It was 1963 when Levo took a class in Blanchester that gave him his ham radio license.

Fast forward about 14 years to 1977. On April 17 that year 22 local “hams,” or ham radio operators, including Levo, met at the Hillsboro Farm Bureau Conference Room to form the Highland Amateur Radio Association (HARA) with Gary Harris as its first president. Today, there are nearly 100 HARA members and more than 150 ham radio operators in Highland County, according to Levo.

On April 22, HARA will celebrate its 40th anniversary with a dinner at the Hillsboro First United Methodist Church. Levo said an invitation is extended to current members, past members, former licensed hams, and others interested in amateur radio and radio communications.

It is the use of ham radios and related events that Levo says is what kept him interested all these years – talking to people around the world, attending trade shows and conventions, and the places those events have taken him.

It was at one of those shows in Coeur d’Alene, Idaho that Levo said he hooked up with a group of hams trying to make contact with someone in all 3,076 U.S. counties.

Levo said it took him about 20 years to do it, but he is now among about 1,500 people who have accomplished the feat.

Once when he was working a station in Santiago, Chile, Levo said he was talking to a man who asked him if the Nazarene Church in Hillsboro was still about a block away from the Highland County Courthouse. Apparently, the man had been a missionary in the Hillsboro area for a time. Another time he was working a station in Australia when a man he contacted said he had been training for a tool and dye position at Milacron in Cincinnati, and that the people the man stayed with took him for a weekend picnic at Rocky Fork Lake.

“I’ve been fortunate at some trade shows to have met some people from countries that I have talked to on the radio,” the Hillsboro resident said.

Levo’s wife, longtime Hillsboro educator Kathy Levo, is also an HARA member. John says that happened because she wanted an addition to their home. So he told her if she would get her ham license, he would add the room. Then he says she agreed to take an advanced ham class when she wanted a knew car.

Kathy agrees somewhat, but not completely. She said the first deal was for a new room with a fireplace, and that the second deal had more to do with a cruise of the Panama Canal.

According to John Levo, no one is sure who the first person was in Highland County to own a ham radio or send the first signal from one.

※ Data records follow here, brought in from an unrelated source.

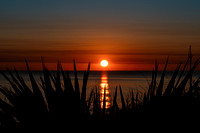 Palm Coast sunrise III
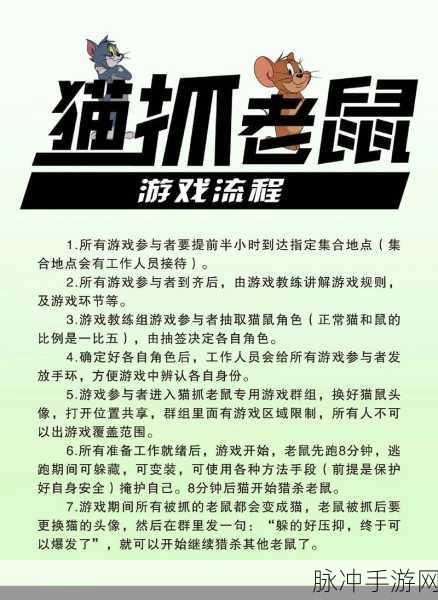 猫和老鼠,欢乐互动游戏攻略,猫玩家技巧深度解析与实战心得分享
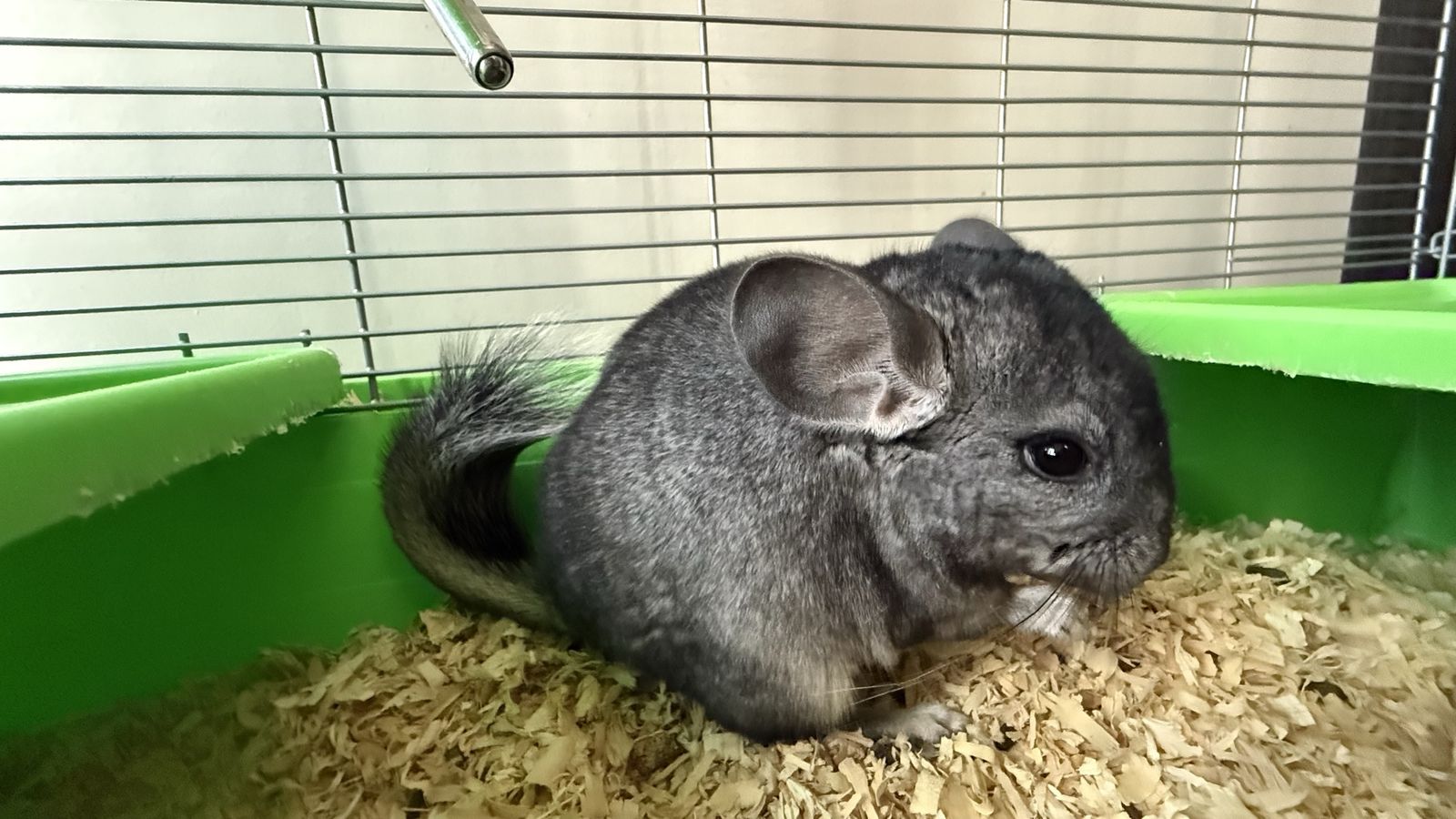 Gray Fluffy Pet Chinchilla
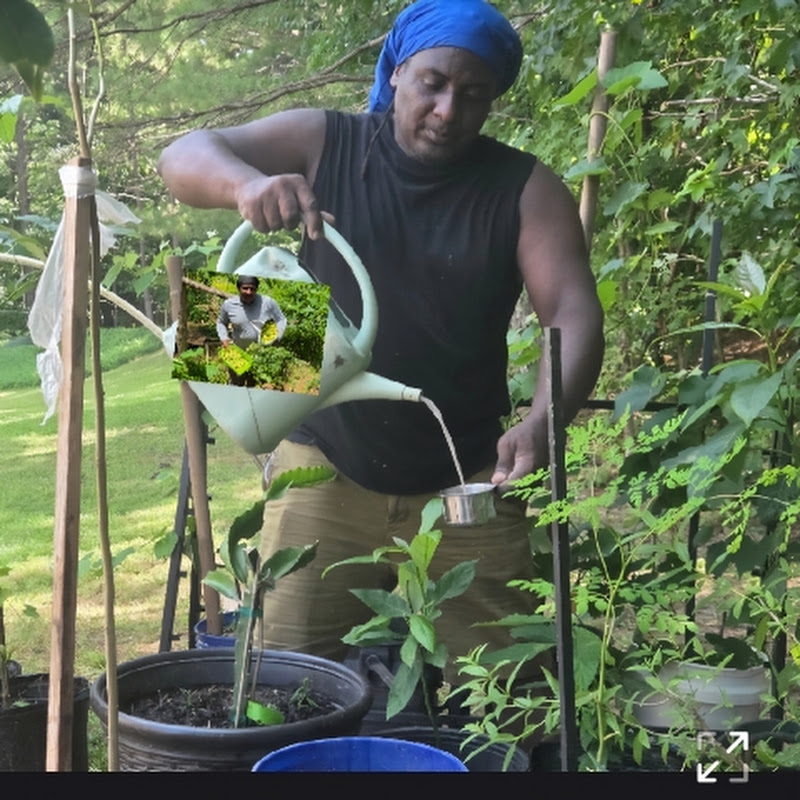 Planter Garden Tv  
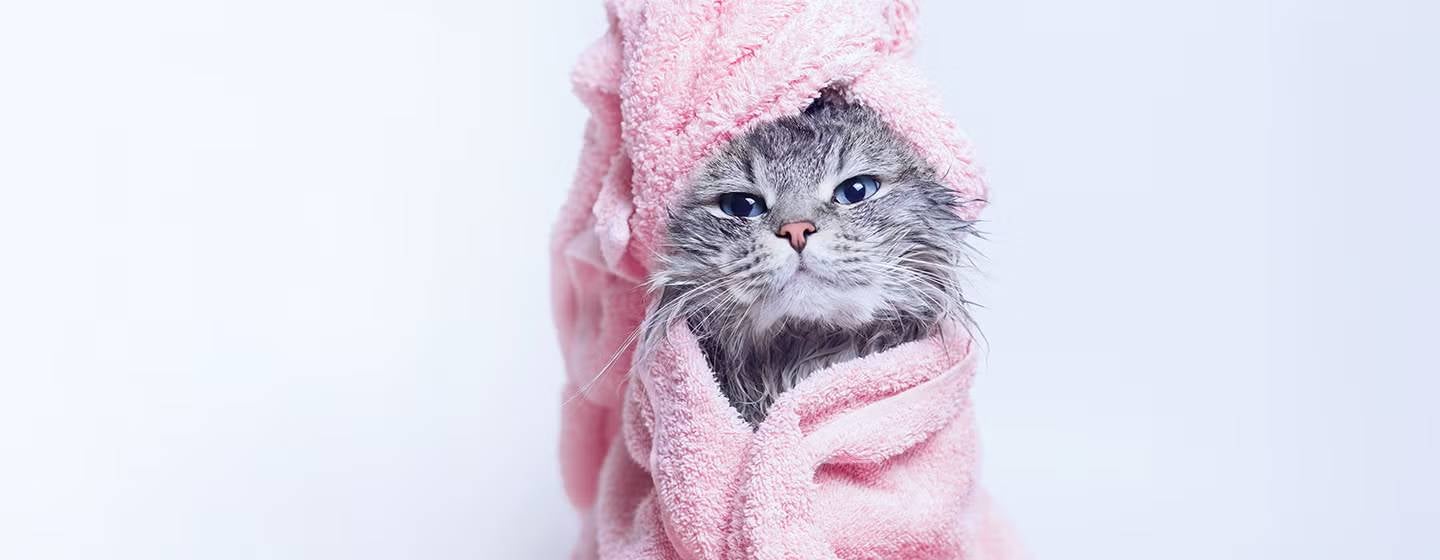 ¿Cómo bañar a un gato? Gatito mojado envuelto en una toalla.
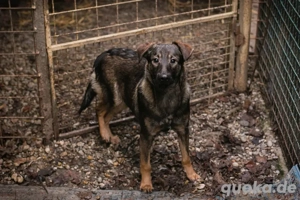 *DUKE* - Der Rüde sucht ein behütetes und artgerechtes Zuhause Bild 9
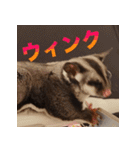 フクロモモンガ スタンプ タケノコ（個別スタンプ：2）
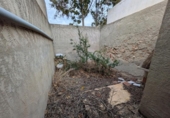 Xalet independent amb terreny en venda a la España, Matola, ref.: TR222186 foto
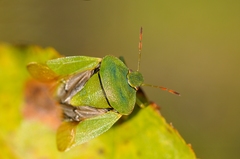 Palomena viridissima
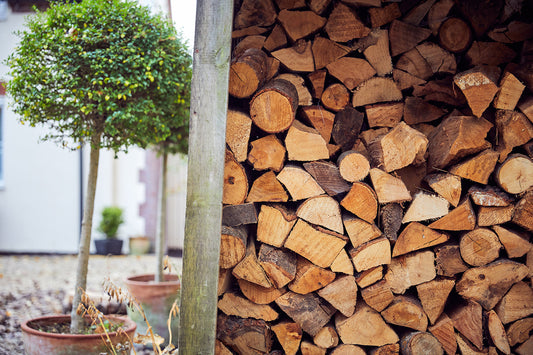 kiln dried logs in log store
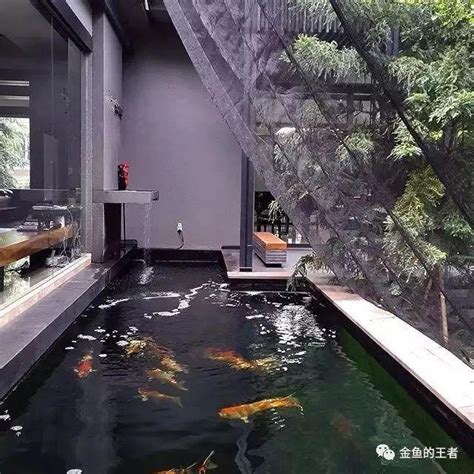 魚池養魚|養魚池:水質判斷,水類,紅水,黑水,白濁水,氨氮過高的水,。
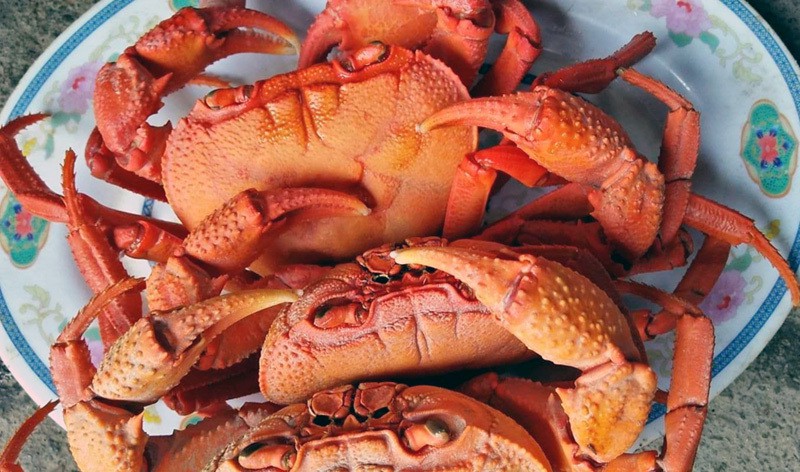 dinh dưỡng trong cua biển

But he said the late Harry Barrett remembered a man who worked on Lake Erie boats that could have been the original one.

“His family lived on the Chillicothe Pike and he would return home when the lakes were frozen during the winter,” Levo said. “While here he would use Morse Code and a wireless set to communicate with his company’s offices to learn when the lake would reopen for shipping and when he was expected to report to work.”

But if that was not the case, Levo said it would likely be New Vienna’s Paul Terrell who was first to regularly grace the airwaves on ham radio while he was still in school.

Prior to World War I, wireless communication was mostly unregulated, although Levo said the Navy tried to control it. That changed in 1912 when the government began issuing licenses to people passing tests proving a high degree of electronic knowledge and who had mastered Morse Code. Most of those receiving licenses were employees of electric, telephone or railroad companies, or former military members. But Levo said Hillsboro had an operator that worked at the Carnation Milk Plant.

Levo said the first person in Highland County to earn a license was Virginia Barrett Layman, known as 8UEZ. “She often said she did it to prove to the men she could,” Levo said.

From the late 1950s through the mid-1960s, a loose-knit group of amateur radio operators gathered on air on Sunday mornings to discuss various topics and Levo said they became known as the Rocky Fork Emergency Net. He said the group continued until an amateur radio club was formed in Clinton County in the ’60s and many Highland County hams became members of that group. The Clinton County club sponsored a series of license classes that led to many Highland County residents passing the Federal Communication Commission (FCC) exam, according to Levo.

In time, he said, there were about as many Highland County members of the club as Clinton County members, so it was suggested that Highland County form its own organization.

Also in the mid-1960s, Levo said, the Hillsboro, Peebles, Lynchburg, Martinsville and New Vienna areas were a hot bed of amateur radio activity because radio theory was taught in the schools and many teachers and students became licensed.

There are still advantages to ham radios.

“One of the reasons we’re looked favorably upon by the federal government is because if there was to be a terror attack on the power grid or normal telecommunications, the ham radio community would be called upon to provide communication,” Levo said. “People believe ham radio is old-fashioned. Well, no, we’re not. With the technology we are using we can provide communications in emergency situations when others might not be able to.”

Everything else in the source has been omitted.